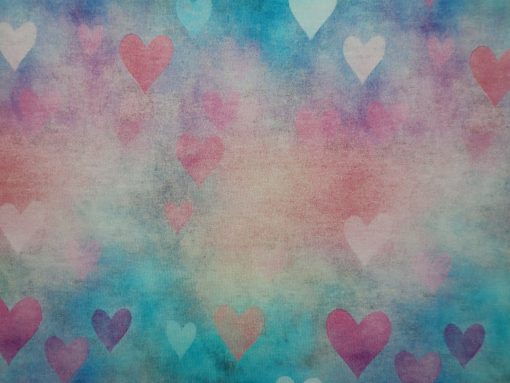 Baumwolljersey Digitaldruck Herzchen Aquarell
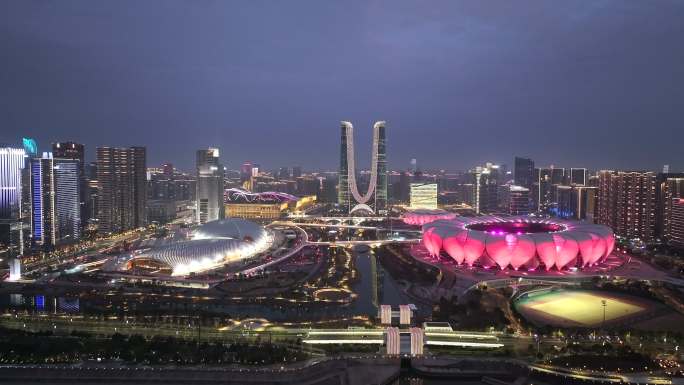 杭州奥体中心体育馆城市夜景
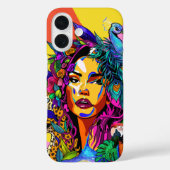 Jungle Goddess Pop Art Peacock Portrait iPhone 16  Case-Mate iPhoneケース (裏面)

▶ Task details
Output a faithful copy of the data, with each picture left out.

▶ Response to the exercise
 Baumwolljersey Digitaldruck Herzchen Aquarell
 杭州奥体中心体育馆城市夜景
 Jungle Goddess Pop Art Peacock Portrait iPhone 16  Case-Mate iPhoneケース (裏面)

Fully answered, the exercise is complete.